When I download ebooks in batch mode I find that there are occasions that books are split into chapters and I am getting not only separate chapters but also the whole book. I then use WCopyfind to find the files with the (duplicated) separate chapter(s) and delete them keeping only the whole book.
It would help me tremendously if there would be a way to sort the percentages, descending/ascending, of the left “Perfect Match” column. This could be in the program window, the html window, or preferably both.
Is this something you could/would add to WCopyFind?
Sincerely,
Juergen
Sorting the table of results make sense and Ill put it on my to do list.
Lou
I am a fan of your program, very nice solution!!!! In one of my various applications of it I got a message saying: “Error 8 Occurred During Report Initialization.” However, everything seems to be OK, the master report and its details. What does it mean then? Perhaps I am missing something in the “CopyFind” script, which is very simple:
// Total number of documents
Documents, 115
// Reporting folder
ReportFolder, C:\Users\Miguel\Desktop\Prueba\Details
// Specify documents and comparison specifications
Document, 1, .\Corpus_IPBES\key_texts
// Comparison parameters
PhraseLength,6 // default 6
WordThreshold,6 // default 100
SkipLength,20 // default 20
MismatchTolerance,2 // default 2
MismatchPercentage,80 // default 80
BriefReport,0 // default 0 = No/False
IgnoreCase,1 // default 0 = No/False
IgnoreNumbers,0 // default 0 = No/False
IgnoreOuterPunctuation,1 // default 0 = No/False
IgnorePunctuation,1 // default 0 = No/False
SkipLongWords,0 // default 0 = No/False
SkipNonwords,0 // default 0 = No/False
// Documents comparison anguage
Locale, English
PrepareForComparisons
Compare,1,1 // Compare group 1 internally
Done
I’ve been so busy with my day job that I haven’t had time to work on these programs for ages. When I have a chance, I’ll look at that error message. It’ll be a while though…
Lou
Good article,i appreciate your effort.i suggest plagiarism checker tool for you that makes your content unique.Thanks for sharing your experience .
https://smallseotools.com/plagiarism-checker/
Hi Mr.

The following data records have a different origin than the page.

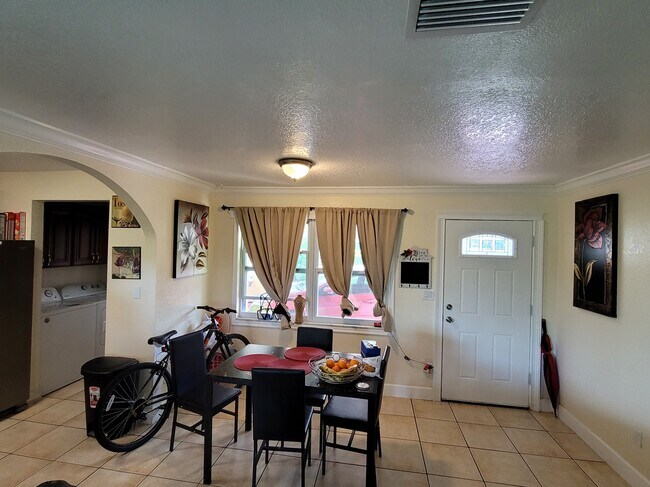 Foto del edificio - 4689 King Cole Blvd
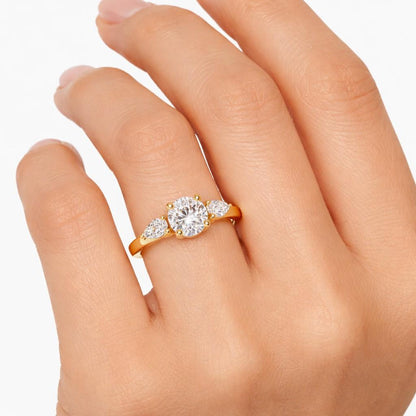 Lab Diamond Engagement Ring Round Cut Diamond Ring 3 Stone Ring for Anniversary Gift Round Trilogy Ring Birthday Gift for Her Custom Rings
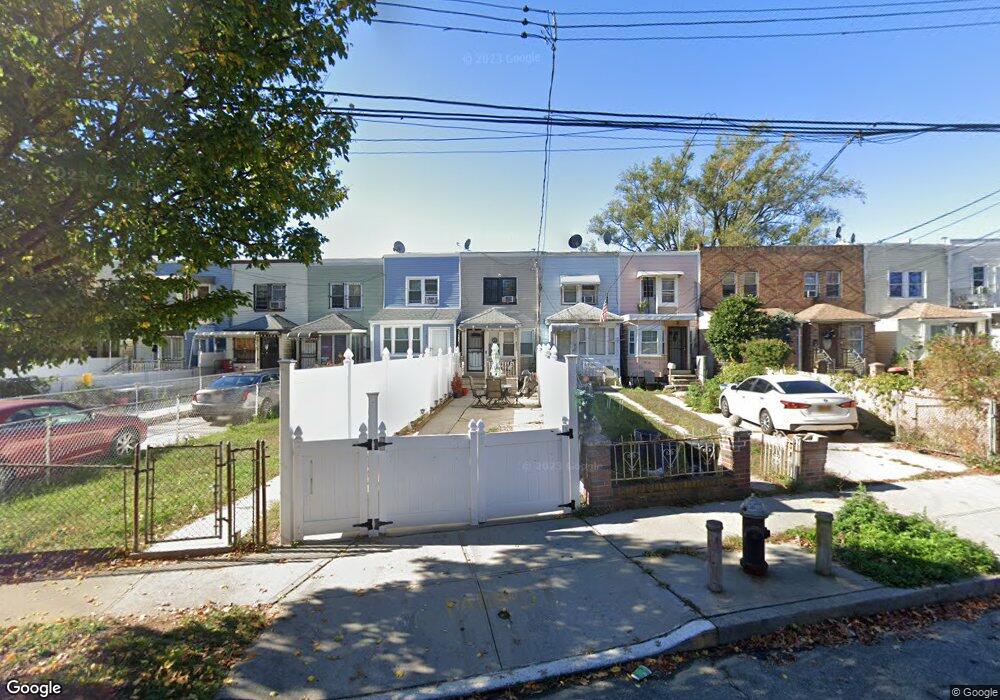 11832 155th St, Jamaica, NY 11434 - photo 1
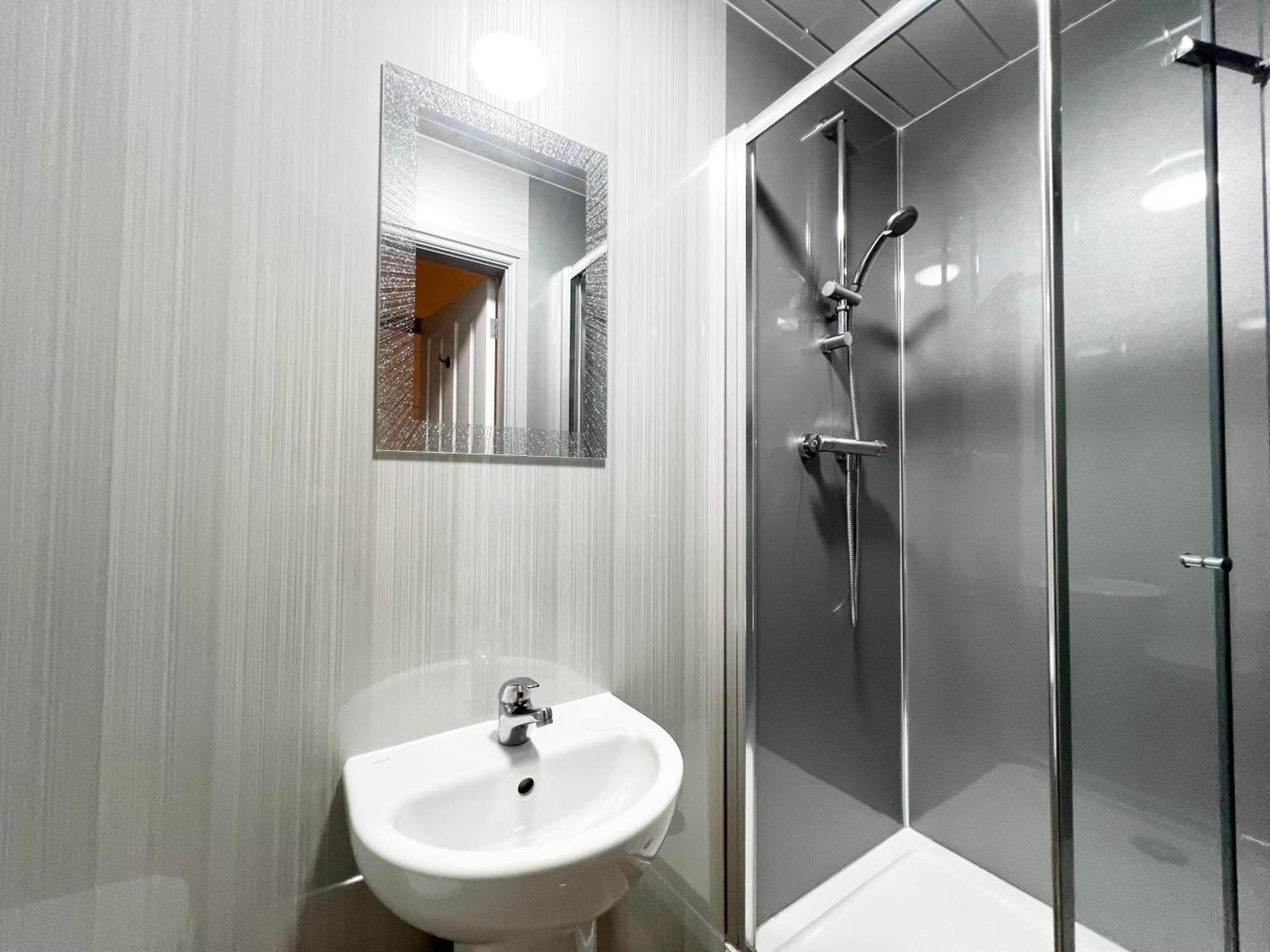 Spacious 3 Bedroom Flat In With Wi-fi & Easy Transport * Derby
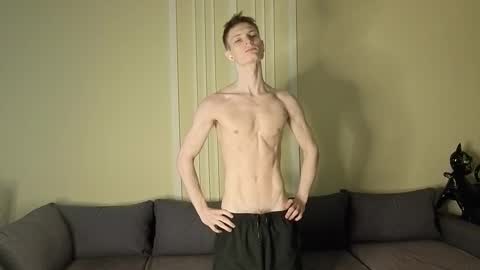 Max online show from November 23, 2025, 9:25 pm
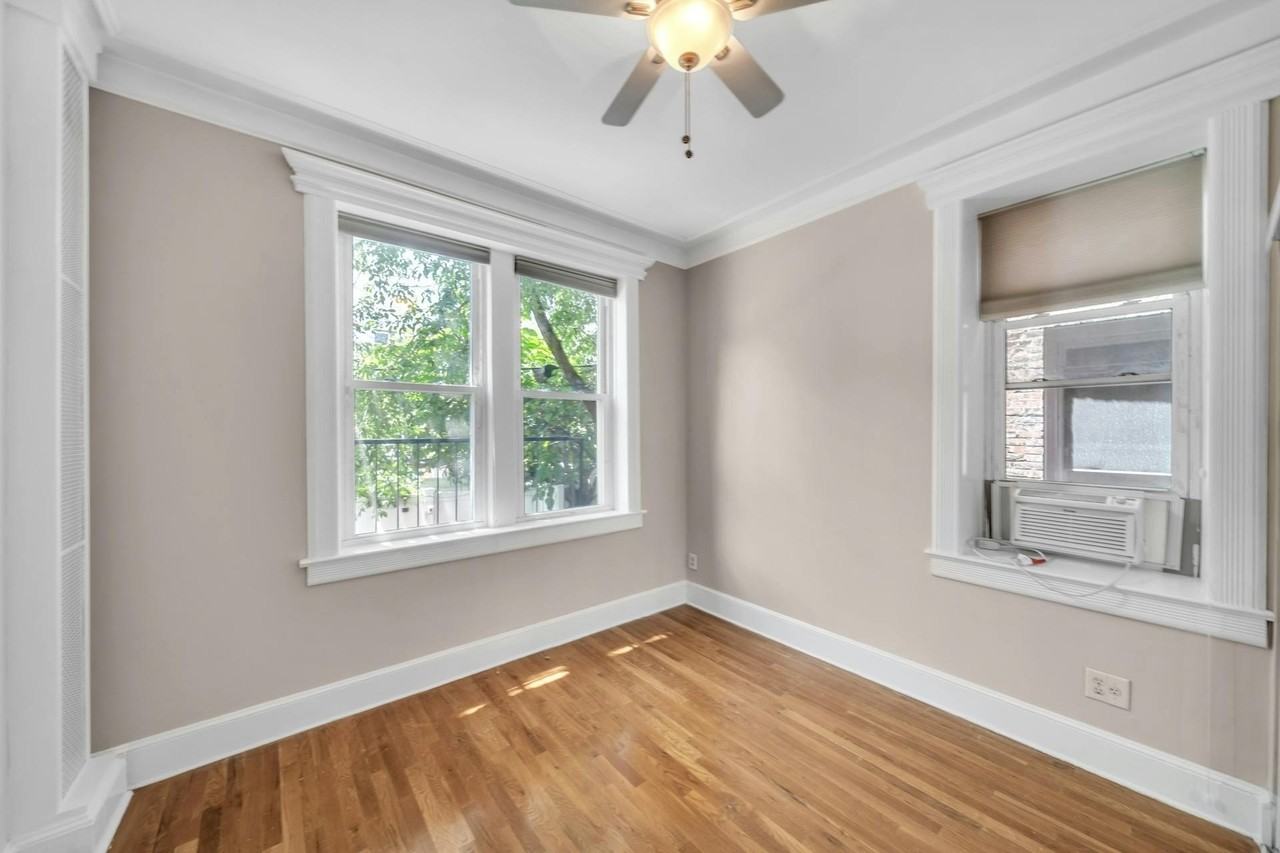47th St #1 - Photo 3 of 18
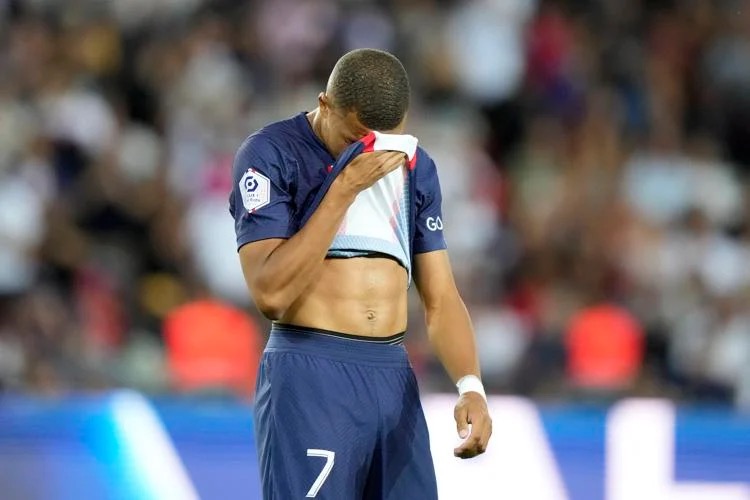 五大联赛领头羊全输球,五大联赛赛季全败的队伍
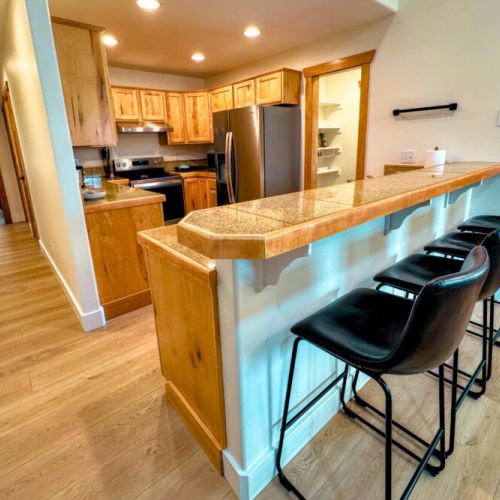 Stay in and make a meal using this well-appointed kitchen.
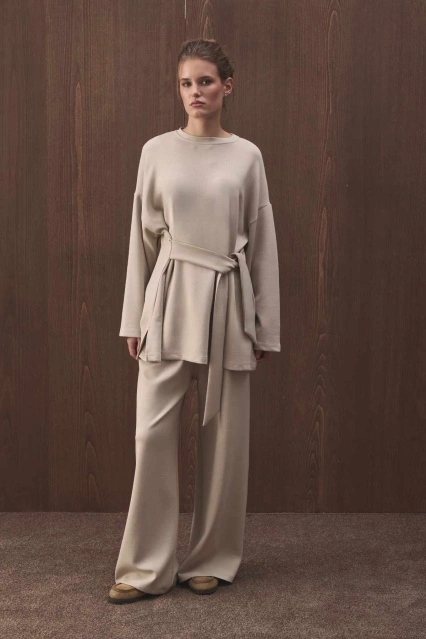 Belden Bağlama Detaylı Rahat Kesim Taş Pantolon Takım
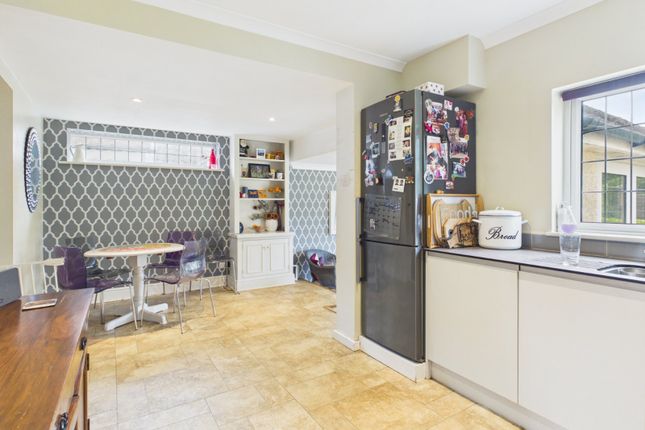 4, Gurnells Road, Seer Green photo 3
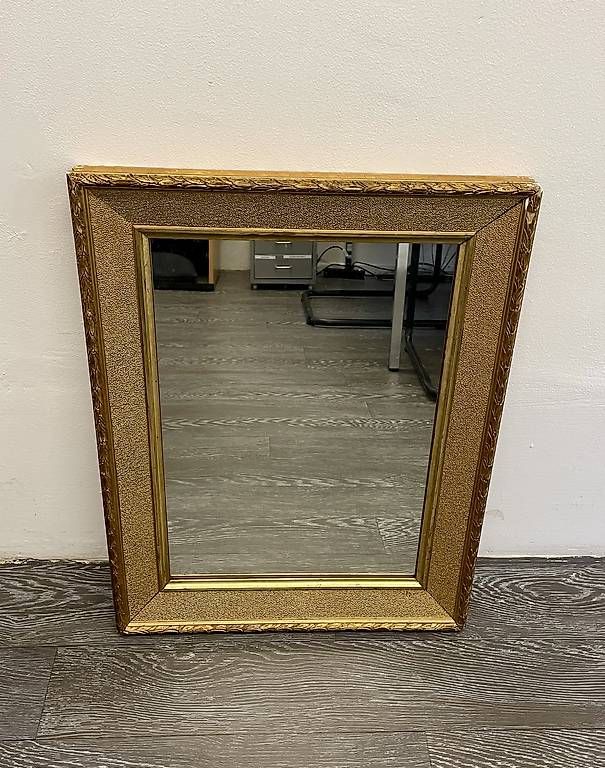Miroirs: Spiegel mit vergoldetem Holzrahmen – D'occasion à Bolligen par heidi6318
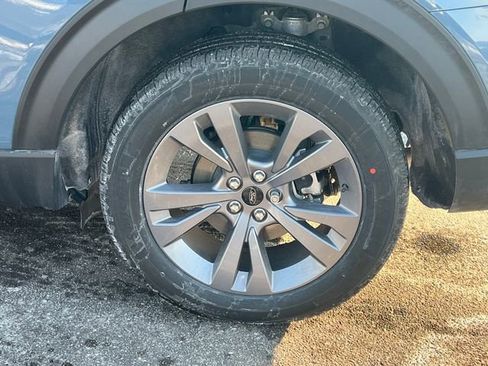 Used 2026 Ford Explorer Active w/ Active Comfort Package image 12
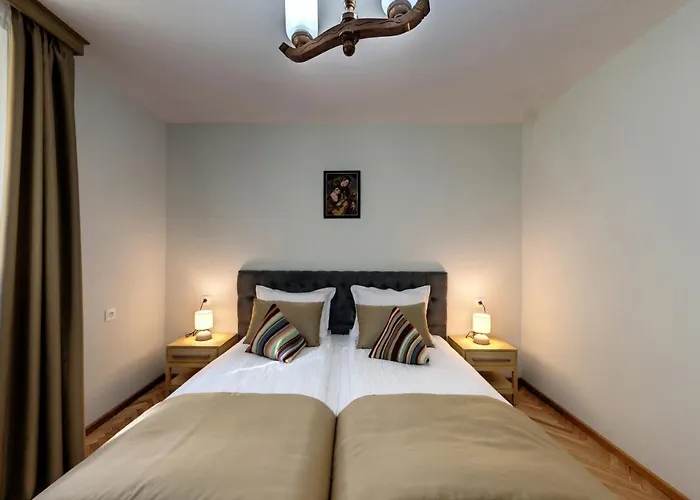 беатрис Разлог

Bloomfield
I have a collection of about 1 million files in 2TB.
Now I would like to use your software to find plagiats based on these.
But the software is crashing due to faulty pdfs.
So I would need a new version, where your software does not crash but continues and ignores the faulty pdfs or better writes the filenames into a log-files for later review.
Is that possible?
Thanks a lot
Andreas in Switzerland
Are you using pdftotext.exe? It’s a much better reader of PDFs than my intrinsic code. See the instructions for WCopyfind for (brief) discussion of pdftotext.exe.
Lou
Hi Dr. Bloomfield,
I also sent you an email about this; but can you or someone assist me in understanding the metrics readout for the document L and R comparisons, please? I want to make sure I am interpreting these numbers correctly.
Hi, I’m a highschool teacher from Argentina. I LOVE this program, it really makes my job faster and it made my 2020 a little easyer when I found it. But today is not working with any .docx file. Do you know how can I fix it? I really need it
I haven’t changed the program for several years, so I don’t know what has gone wrong for you. Perhaps there has been some change in the .docx file format or on your computer. My code reads the .docx format simplistically and it may not handle some .docx files properly. If I had infinite time and resources, I would find more information about the .docx file structure and be sure that I follow it perfectly.
Perhaps you can convert the .docx files into another format that my code reads more reliably. A .txt file is ideal.
Lou
Thank you for finding this problem and identifying its cause. I haven’t worked on the code for ages and it looks like I’m not handling the character sets properly. I’ve transitioned some of my various web sites to modern character sets (e.g., utf-8 or utf-16), but I think I’ve left WCopyfind behind. I’ve put that change on my to-do list and will try to get to it soon. The usual problem: there are only 24 hours in a day. Plus, I don’t have the crazy energy I had when I was a kid. Ah, the story of life…
Lou
Hi,
I have version 4.1.5. I try comparing documents, and I systematically get the following message: “Error: File cannot be opened, perhaps because it is already opened by other software.” Interestingly, this only happens when I compare documents in French. Things seem to work fine when I compare English documents. I don’t know what the problem is. I have already compared documents in French before and I had no issue. Can you help me?
Thanks,
Charles
Hi Lou,
I think I found the problem. It seems to have something to do with the encoding of some “É” and “é” in the file names. Once these “É” and “é” replaced with “E” or “e” (without the accent), it works fine. It looks like not all the “É” and “é” cause problems, but some of them do. Again, probably something about the encoding.